Esses fatos são reais, devem tornar-se parte da continuidade da história sobre os alicerces da escravidão, ou permanecerão esquecidos logo após os dias 13 de maio dos anos vindouros.

O fato é que a escravidão deve ser combatida por todos, escravizados, não escravizados e os que não sabem o que isso significa, por meio de medidas e mecanismos educacionais, de comunicação de massa e para além da data de 13 de maio. Precisamos retomar na narrativa histórica o nosso papel cidadão e seguir a orientação de ações concretas e conscientes no combate à escravidão. Sermos criativos na construção de projetos alternativos para uma sociedade justa, igualitária, tolerante à diversidade racial, cultural e distintas visões de mundo que compõem a riqueza material e imaterial do nosso país, o Brasil.
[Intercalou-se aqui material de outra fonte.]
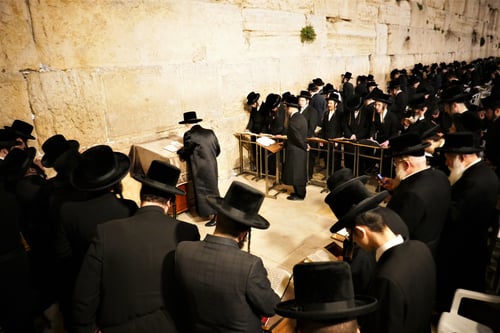 מול אבני הכותל: האדמו"ר מנדבורנה ירושלים במעמד תפילה מרטיט בסיום ימי השובבי"ם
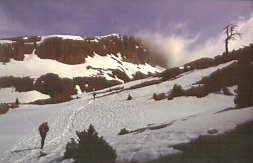 Hiru Errege Mahaia tontorrerako azkeneko urratsetan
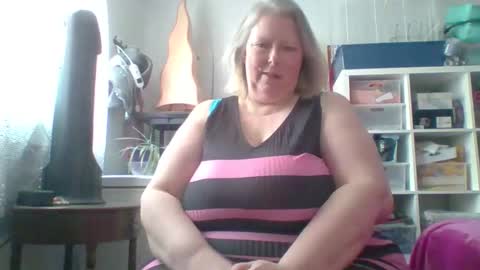 ivyjane3522 online show from June 9, 2026, 6:30 pm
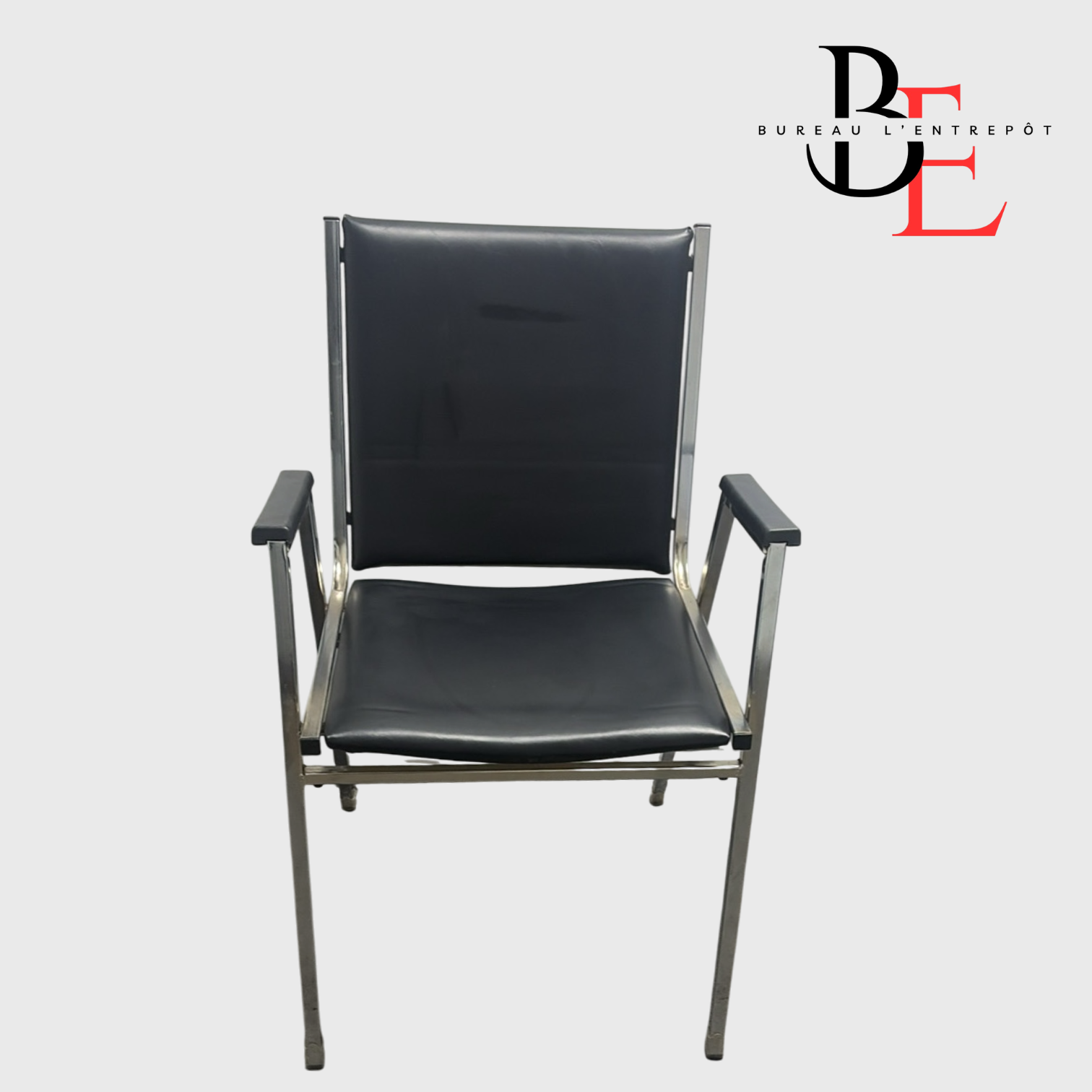 Chaise visiteur empilable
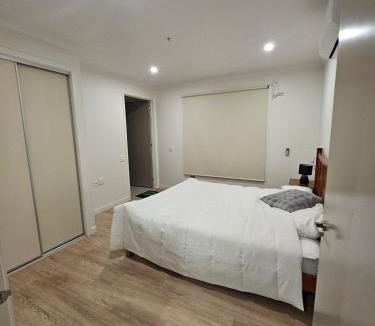 Tarneit House | Modern 4-Bedroom Home in Tarneit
Neste 13 de maio e nos demais dias, eu gostaria que os brasileiros fizessem uma busca na história, resgatassem o sentido do que foi/é a escravidão. Que concretizem em seus pensamentos e ações, no dia a dia, atos reflexivos do que é carregar essa herança maldita que nos impede de sermos livres na diversidade. São pequenas iniciativas que podem ganhar proporções decoloniais na reconstrução da história, sem as mazelas da escravidão. Reescrever a história em nossos lugares de vida, em nosso país, usufruindo da liberdade, sem que haja submissões e fugas devido à fome, à desigualdade, ao desemprego, o preconceito e à violência.

*Este texto não reflete, necessariamente, a opinião do IstoÉ.